Pakistan’ın derin kökleri

Temiz ülke anlamına gelen Pâkistan, Hindistan’dan ayrılarak 1947’de kurulmuştur. Bu tarihten önce Hint Müslümanları olarak bilinen Pakistan milletinin oluşumu ise çok daha derin köklere sahiptir. Geçmişte Hinduizm ve Budizm’in merkezlerinden olan bugünkü Pakistan topraklarının İslam’la tanışması Emeviler döneminde gerçekleşti. Fakat bu bölgenin İslam beldesi haline gelmesinin mimarı büyük Türk hükümdar Gazneli Mahmud idi. Hint yarımadasına on yedi sefer düzenleyen Gazneli Mahmud, bölge haklının Müslüman olmasında başrolü oynadı. 20. asırda Pakistan diye bir devlet varsa bunun kurucu babası olarak Gazneli Mahmut’u görmek abartı olmayacaktır. Bunun yanında Hindistan’da İslam’ın kökleşmesini sağlayan Babürlü Devleti’nin yaklaşık üç yüz yıl süren egemenliğinin de Pakistan’ın oluşumundaki rolü de çok büyük oldu.

Fakat bu muazzam İslam devletinin gücünü kaybetmesiyle Hindistan’da dengeler değişti. Okyanuslara açılmaya başlayan Batılı sömürgeci güçler bu güç kaybının getirdiği zaaftan yararlanarak bölgeye uzanmaya ve yerleşmeye başladı. Kapıyı ilk çalan Portekizliler oldu. Portekizlilerin açtığı kapıdan gelen İngilizler, Babür Devleti’nin zayıflığından faydalanarak 1757 yılından itibaren Hint yarımadasında yavaş yavaş koloniler kurmaya başladı.

İngiliz Doğu Hindistan Şirketi (East Indian Company) ülkeye ilk geldiğinde ticaret amacı güdüyordu. Ama zaman içinde şirket güçlenerek bir devlet gibi hareket etmeye başladı. Hem ekonomik hem de askeri güç olan şirket, özel ordusuyla Hindistan’daki irili ufaklı yönetimlerle savaşarak bazı bölgeleri hâkimiyeti altına aldı. Böylece Hindistan Müslümanları için karanlık günler de başlamış oldu. Ama asıl darbe sonradan geldi.
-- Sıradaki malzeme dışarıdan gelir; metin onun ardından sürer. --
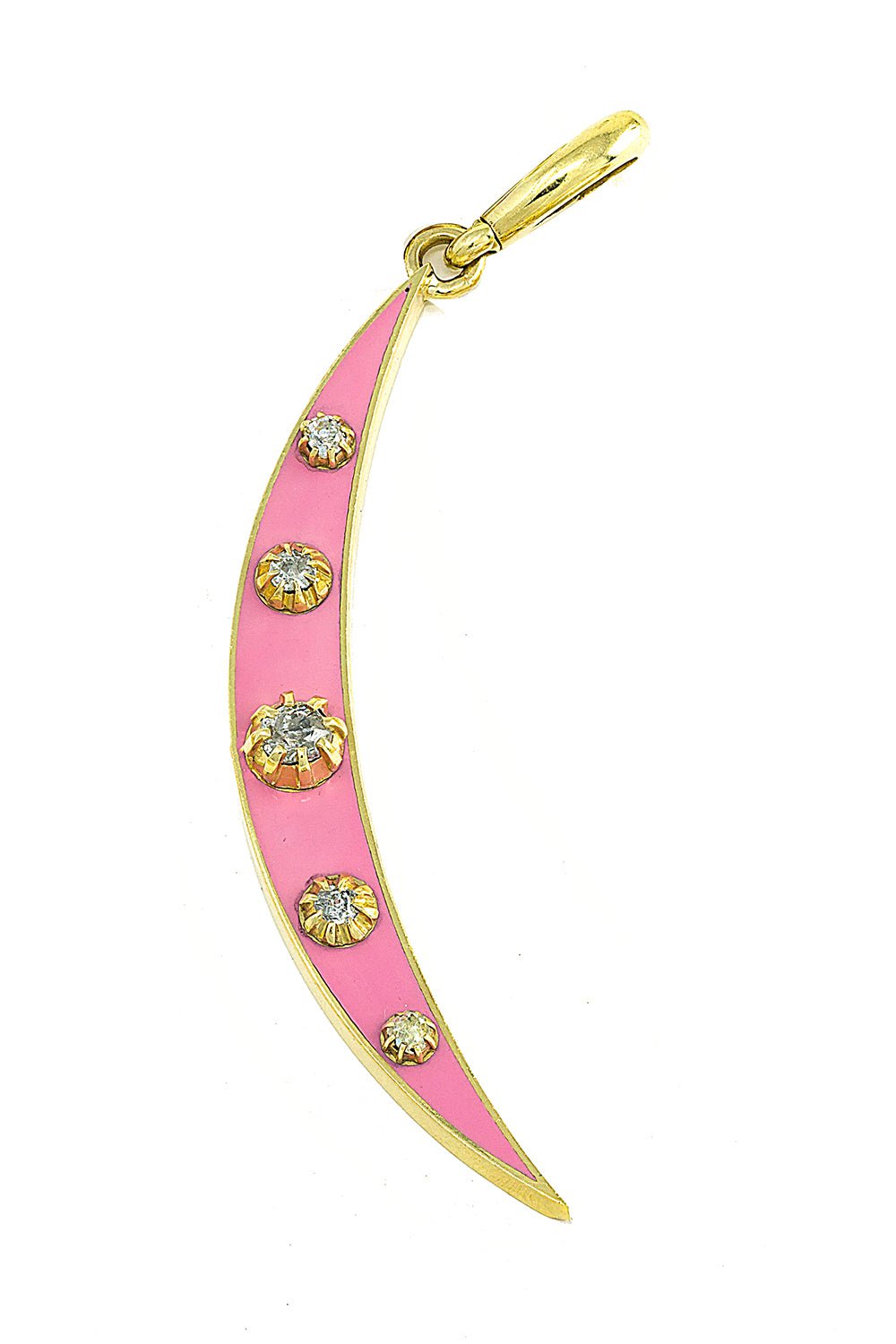 Pink Diamond Crescent Charm-YELLOW GOLD-PINK-JEWELRYFINE JEWELPENDANT-JENNA BLAKE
İngiltere’nin Hindistan’da kurduğu sömürge düzeninin işleyişinde ön planda Hindu bir prens perde arkasında ise İngiliz lordlar vardı. Asırlarca bu ülkeyi yöneten Müslümanlar ise azınlık durumuna düşmüşlerdi. Müslümanlara bu sistemin kapıları da kapanmıştı.

İngiliz yumruğu altında

İngilizlerin Hindistan’daki sömürge faaliyetlerinden bunalan halk, bazı cılız tepkiler gösterse de öfkenin bir çığa dönüşmesi ve kitlesel bir patlama haline gelmesi 1857’de gerçekleşmiştir.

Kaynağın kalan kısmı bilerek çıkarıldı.